Une tribune de Bertrand Duperrin, Head of People and Delivery pour Emakina

IBM a récemment produit une étude sur la transformation de la fonction RH et comment l’accélérer. Cette étude ayant été produite en collaboration avec la Josh Bersin Academy, il faut s’attendre à y retrouver l’essentiel des réflexions de Bersin qui, pratique marketing courante dans l’industrie du logiciel, ne servent que de prétexte à une prise de parole de l’éditeur.

Je vais donc commencer par un survol de l’étude avant d’y apporter mes commentaires.

Dans cet article :

  • La réinvention des RH est en marche
  • 10 axes pour transformer les RH
  • La fine limite entre étude et contenu marketing
  • Le manifeste des évidences
  • Des axes essentiels
  • De doux rêves
  • Un certain manque d’ambition
  • Conclusion

La réinvention des RH est en marche

Le constat duquel part l’étude est qu’après avoir été essentiellement administrative depuis qu’elle existe, la fonction RH joue un rôle de plus important dans la dimension business des entreprises.

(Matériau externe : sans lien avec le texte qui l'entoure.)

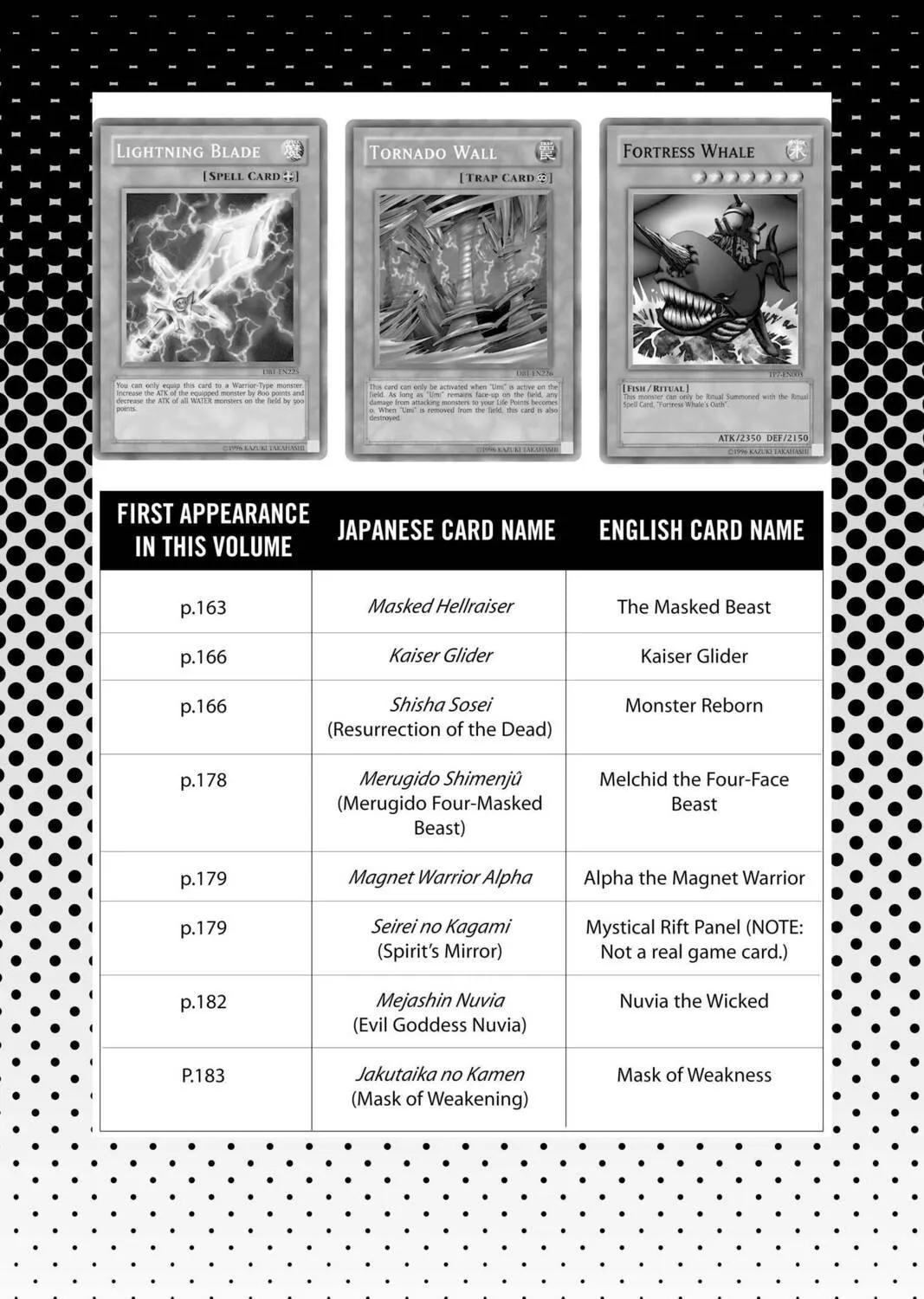 Read Yu-Gi-Oh Duelist chapter 128 image 46 on Lezhin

Aujourd’hui, on distingue trois types de département RH:

  • RH 1.0 : concentrés sur la conformité, l’administration et l’efficacité des process.
  • RH 2.0 : centres d’excellence concentrés sur l’empowerment et la formation des acteurs business pour apporter des solutions là où il en faut.
  • RH 3.0 : représentent moins de 10% des organisations, transforment la fonction RH en entité de conseil agile qui propose des services au business et utilise le « design thinking » pour proposer des solutions.

Selon le rapport, la bonne nouvelle est que cette transformation est à la portée de tous car « les disciplines du design thinking, l’utilisation d’outils cognitifs hautement intelligents et l’accent mis sur la transparence, l’inclusion et le changement sont autant d’objectifs que vous pouvez atteindre ».
En conclusion :

  • L’Humanité est au coeur de l’entreprise cognitive : alors que les entreprises doivent se transformer sous l’impact des « disruptions globales », de nouveaux business models et de nouvelles technologies, il n’a jamais été aussi important d’augmenter les compétences des collaborateurs.
  • Les RH 3.0 sont un impératif business : les dirigeants conviennent tous que la fonction RH doit être réinventée. « Les principes directeurs de la personnalisation, les compétences de base, la prise de décision guidée par les données, la transparence et l’agilité sont au cœur du cheminement vers les RH 3.0 ».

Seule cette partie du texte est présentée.